Rock 'n' Roll High School (1979)
Miss Togar: Do your parents *know* that you're Ramones?
[after using Ramones music to make a mouse explode in a puff of smoke]
Miss Togar: Notice the loss of hearing.
Fritz Hansel: The gym!
Fritz Gretel: Girls!
Fritz Hansel: Music!
Fritz Gretel: Legs!
Fritz Hansel: Dancing!
Fritz Gretel: Boobs!
Fritz Hansel: Randell!
Fritz Gretel: Sex...
Mr. McGree: I think they're trying to tell us something.
Joey Ramone: [singing] You heard that I'm no good/Yeah, yeah, I'm no good/But I'll treat you like I should/I want you around/I want you around...
Joey Ramone: [singing] Rock Rock, Rock Rock, Rock and Roll High School...
[BOOM! The school blows up]
Kate: Look at your math book; it looks brand new. Bet you've never even opened it.
Riff: I only use it on special equations
Riff Randell: Tom Roberts is so boring his brother is an only child.
Screamin' Steve Stevens: Well, that about wraps it up here at Rock & Roll High. Remember, if your principal ever gives *you* trouble, if you want *this*
[pointing to the burning school building behind him]
Screamin' Steve Stevens: to happen at your school, you just give ol' Screamin' Steve a call. I'm in the book - under SCARRRREAMIN'!
Kate: She's my friend.
Miss Togar: A friend that will lead you down the road to expulsion.
Riff: [air guitar] I'm a teenage lobotomy.
Usher: Oh, I'm sorry. We don't let any more mice in here. They've been exploding all over the place.
Riff: On behalf of the students from Vince Lombardi High who are here tonight, I'd just like to say one thing: Screw you, Principal Togar, we made it to the concert anyway!
Johnny Ramone: Things sure have changed since we got kicked out of high school.
Tom Roberts: [needs to see Eaglebauer] Miss, you don't understand. See, uh, this is an emergency.
Norma: Animal, vegetable, or mineral?
Tom Roberts: Um... sexual.
Riff: [Togar has cut the wire on her broadcast equipment] Hey, Kate, I'm getting some static.
Kate: Not as much as you're going to get.
Miss Togar: You two are not doing your job. Look at me when I'm talking to you! You're supposed to be my eyes, my ears, my nose.
Miss Togar: [Hansel and Gretel sneeze; Togar wipes her nose] Thank you.
Miss Togar: [to Hansel and Gretel] Oh, go and monitor the halls!
Usher: [to Mr. McGree] Oh, sorry, Mantovani's down the block.
Mr. McGree: I'm hep, Daddy-o. I'm into the Ramones.
Kate: This will never work. Tom will never like me; I don't know who I'm kidding. What possible reason could there be to put myself through all this? Sex!
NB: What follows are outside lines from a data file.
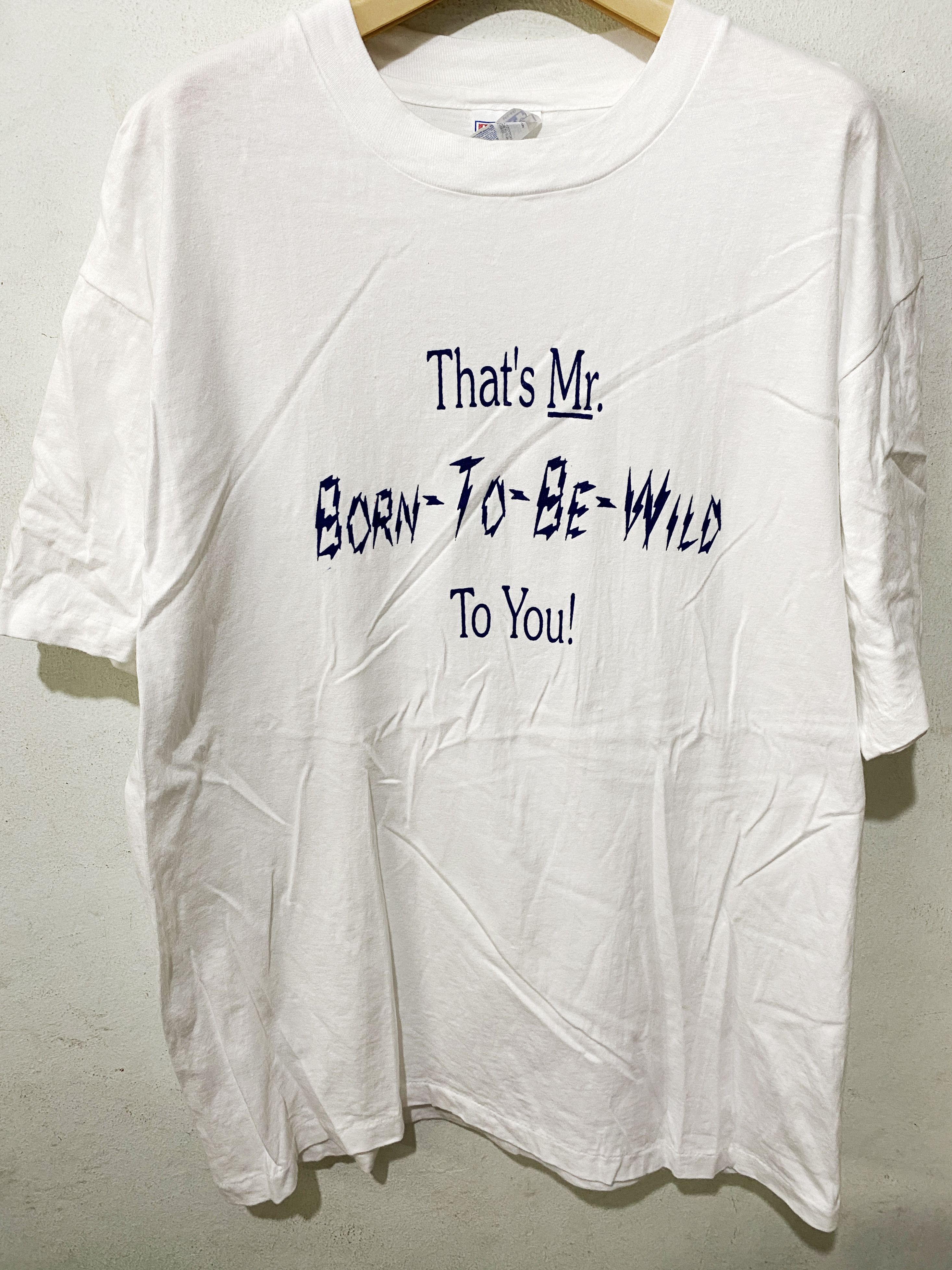 Vintage 90s Born To Be Wild Shirt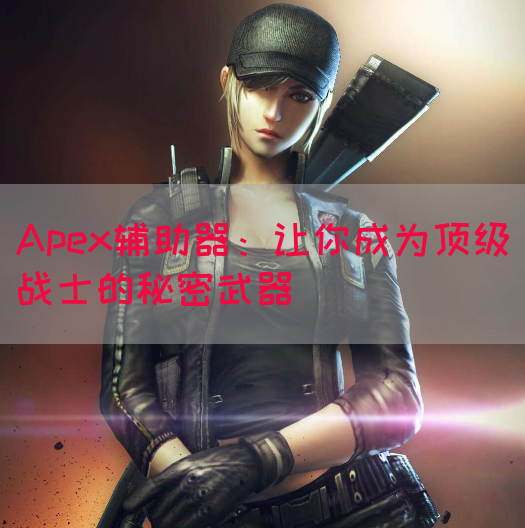 Apex辅助器：让你成为顶级战士的秘密武器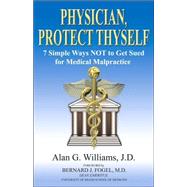 Physician, Protect Thyself: 7 Simple Ways Not to Get Sued for Medical Malpractice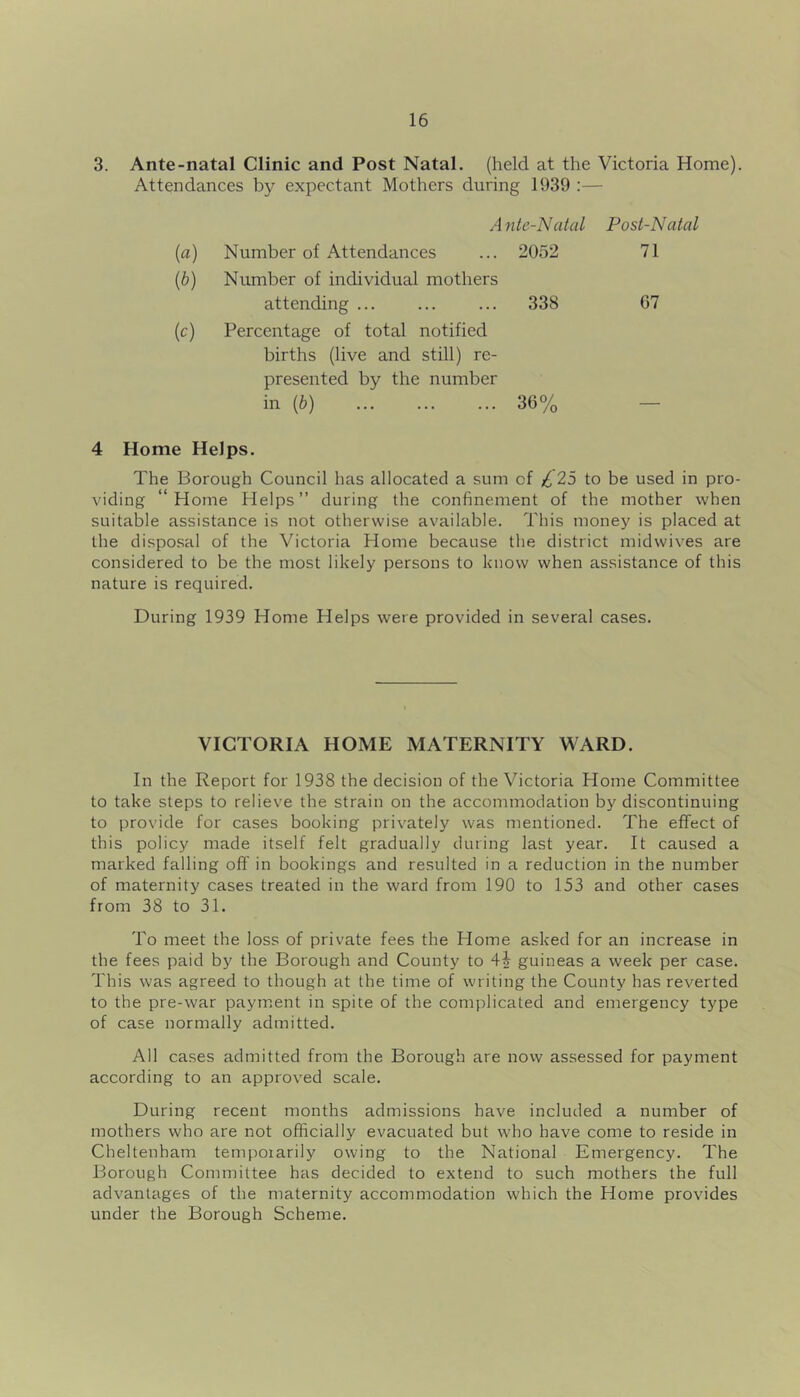 3. Ante-natal Clinic and Post Natal, (held at the Victoria Home). Attendances by expectant Mothers during 1939 :— Ante-Natal Post-Natal (a) Number of Attendances 2052 71 {b) Number of individual mothers attending 338 67 {c) Percentage of total notified births (live and still) re- presented by the number in {b) 36% 4 Home Helps. The Borough Council has allocated a sum of £ 25 to be used in pro- viding “ Home Helps ” during the confinement of the mother when suitable assistance is not otherwise available. This money is placed at the disposal of the Victoria Home because the district midwives are considered to be the most likely persons to know when assistance of this nature is required. During 1939 Home Helps were provided in several cases. VICTORIA HOME MATERNITY WARD. In the Report for 1938 the decision of the Victoria Home Committee to take steps to relieve the strain on the accommodation by discontinuing to provide for cases booking privately was mentioned. The effect of this policy made itself felt gradually during last year. It caused a marked falling off in bookings and resulted in a reduction in the number of maternity cases treated in the ward from 190 to 153 and other cases from 38 to 31. To meet the loss of private fees the Home asked for an increase in the fees paid by the Borough and County to 42 guineas a week per case. This was agreed to though at the time of writing the County has reverted to the pre-war payment in spite of the complicated and emergency type of case normally admitted. All cases admitted from the Borough are novv assessed for payment according to an approved scale. During recent months admissions have included a number of mothers who are not officially evacuated but who have come to reside in Cheltenham temporarily owing to the National Emergency. The Borough Committee has decided to extend to such mothers the full advantages of the maternity accommodation which the Home provides under the Borough Scheme.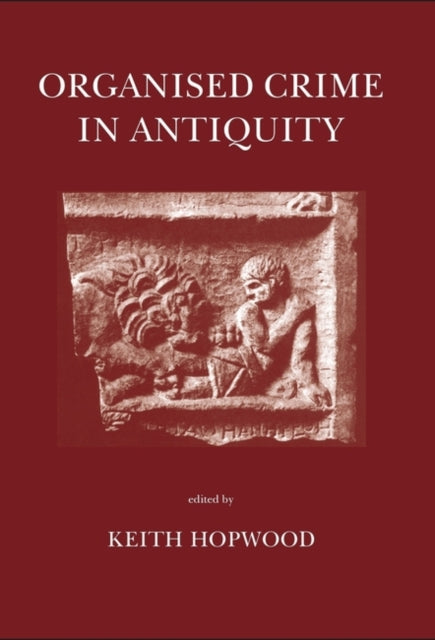 Organised Crime in Antiquity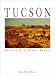 Tucson: Portrait of a Desert Pueblo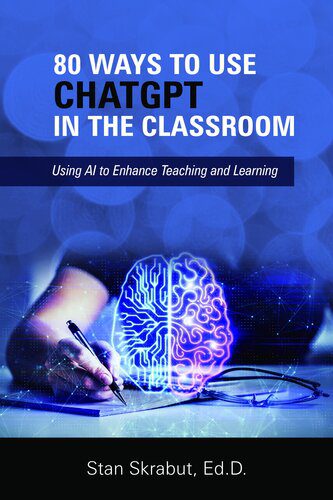 خرید و دانلود نسخه کامل کتاب 80 Ways to Use ChatGPT in the Classroom: Using AI to Enhance Teaching and Learning_68668fdbb3b4c.jpeg خرید و دانلود نسخه کامل کتاب 80 Ways to Use ChatGPT in the Classroom: Using AI to Enhance Teaching and Learning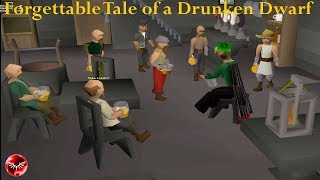 OSRS, Forgettable Tale of a Drunken Dwarf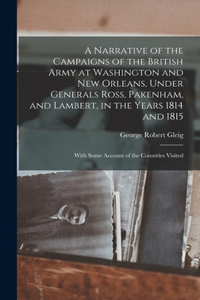 Narrative of the Campaigns of the British Army at Washington and New Orleans, Under Generals Ross, Pakenham, and Lambert, in the Years 1814 and 1815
Kate: I must admit, as far as reasons go, it's must be one of the best.
Angel Dust: I'm *first* in line! And if you don't like it, you can put it where the monkey puts the nuts!
Miss Togar: Well, I think that should teach them a lesson in deportment.
Fritz Hansel: How do you spell that?
Miss Togar: D-e-portment.
Screamin' Steve Stevens: I'd like to introduce the two winners of the charity ticket raffle donated by the principal of Vince Lombardi High.
Boy In Crowd: [yells] Togar eats it!
Miss Togar: [holding phone to radio broadcasting live Ramones concert] That, Mrs. Rambeau, is where your daughter is.
Mrs. Rambeau: [over phone] My daughter, Kate? I thought she was in the basement splitting photons.